> _TASK STATEMENT_
A verbatim restatement of the data, free of pictures, is what you should output.

> _GIVEN INFORMATION_
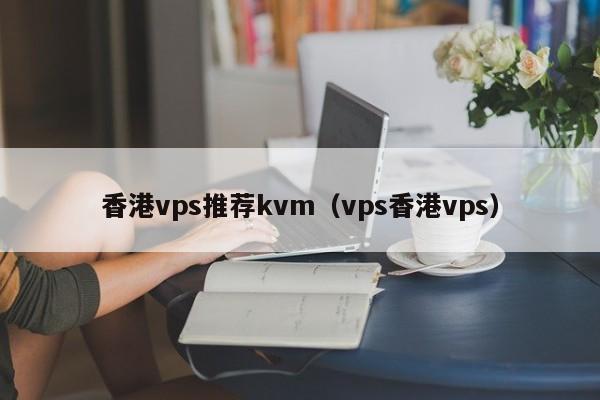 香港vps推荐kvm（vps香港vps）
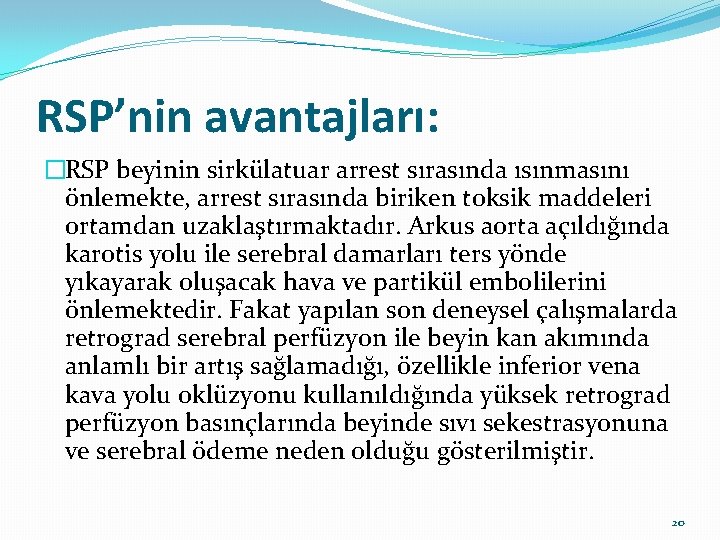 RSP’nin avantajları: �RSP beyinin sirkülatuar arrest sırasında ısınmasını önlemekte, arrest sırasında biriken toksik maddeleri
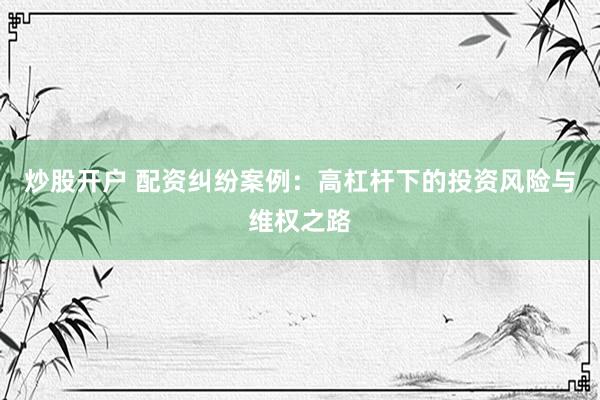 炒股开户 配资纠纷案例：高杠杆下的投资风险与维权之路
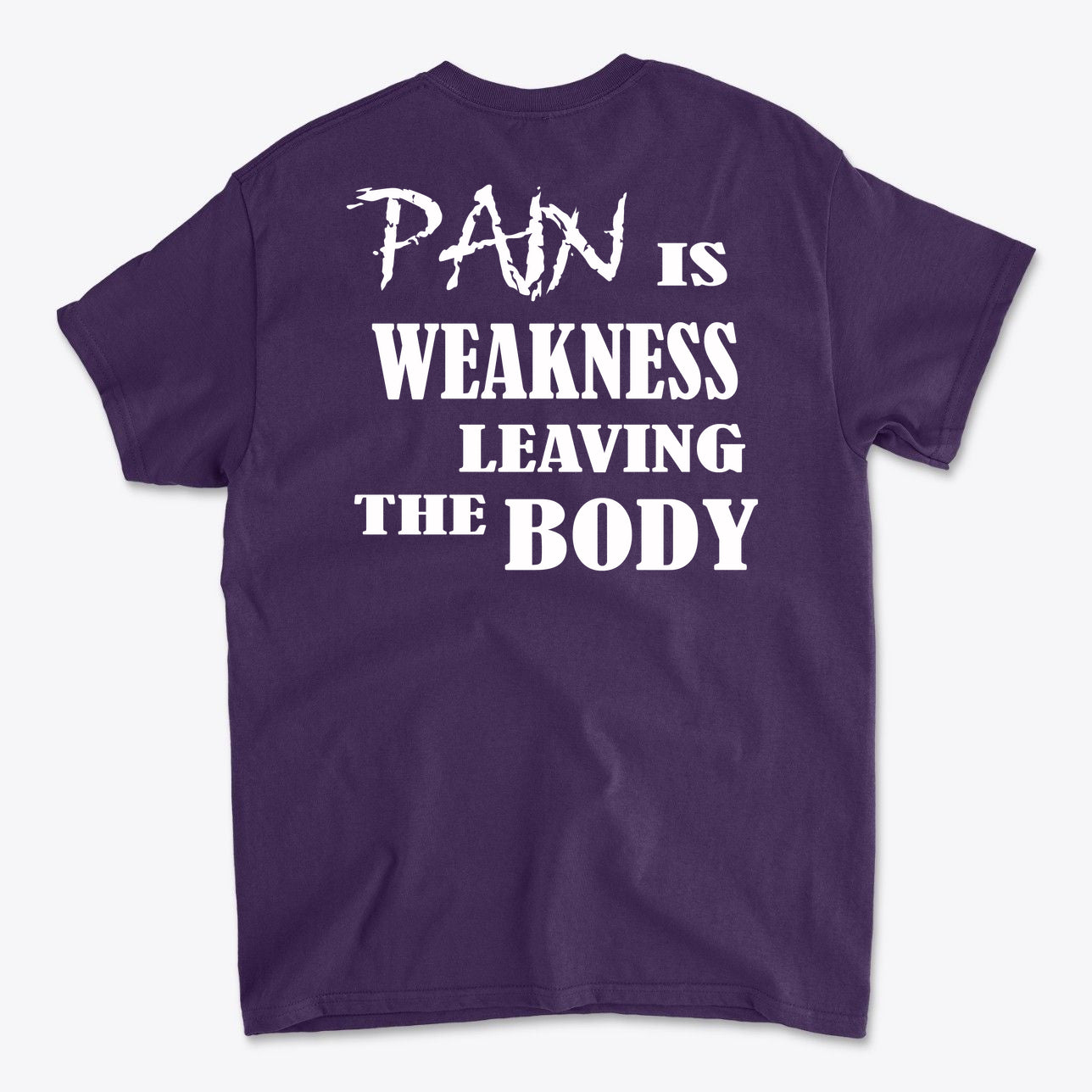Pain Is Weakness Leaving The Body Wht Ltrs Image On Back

> _RESULT OF THIS EXERCISE_
 香港vps推荐kvm（vps香港vps）
 RSP’nin avantajları: �RSP beyinin sirkülatuar arrest sırasında ısınmasını önlemekte, arrest sırasında biriken toksik maddeleri
 炒股开户 配资纠纷案例：高杠杆下的投资风险与维权之路
Pain Is Weakness Leaving The Body Wht Ltrs Image On Back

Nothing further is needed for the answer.